++++ Records for processing
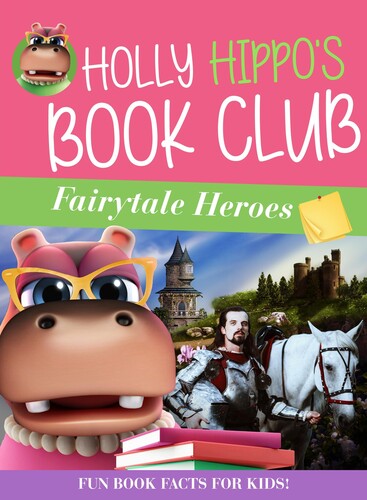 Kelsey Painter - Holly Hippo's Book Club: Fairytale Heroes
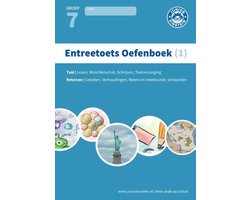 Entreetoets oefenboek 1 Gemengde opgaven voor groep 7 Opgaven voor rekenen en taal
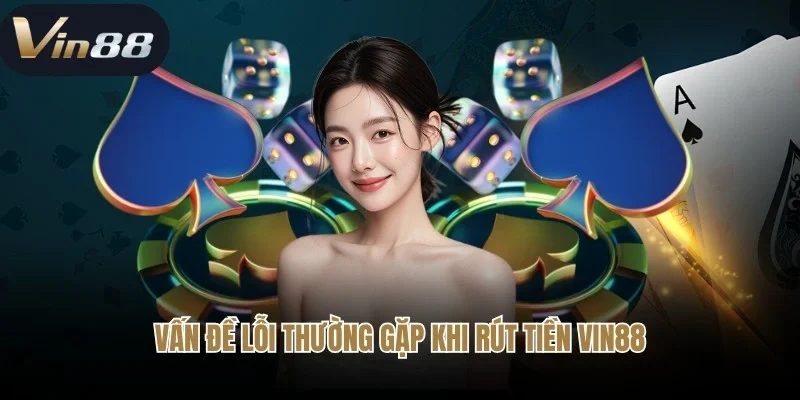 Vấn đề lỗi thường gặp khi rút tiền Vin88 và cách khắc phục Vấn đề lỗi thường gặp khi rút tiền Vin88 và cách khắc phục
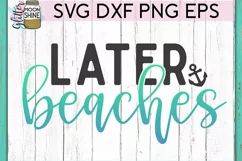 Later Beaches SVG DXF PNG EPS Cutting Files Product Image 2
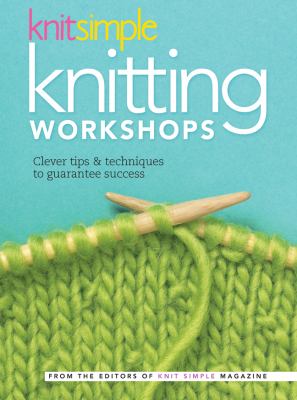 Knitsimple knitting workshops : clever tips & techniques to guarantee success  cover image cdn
++++++++
__Problem details__: Please retype exactly the lines from the one containing "khắc phục Vấn" through the last line of the records, both included, leaving out every picture.

__Solved exercise__:
 Vấn đề lỗi thường gặp khi rút tiền Vin88 và cách khắc phục Vấn đề lỗi thường gặp khi rút tiền Vin88 và cách khắc phục
 Later Beaches SVG DXF PNG EPS Cutting Files Product Image 2
 Knitsimple knitting workshops : clever tips & techniques to guarantee success  cover image cdn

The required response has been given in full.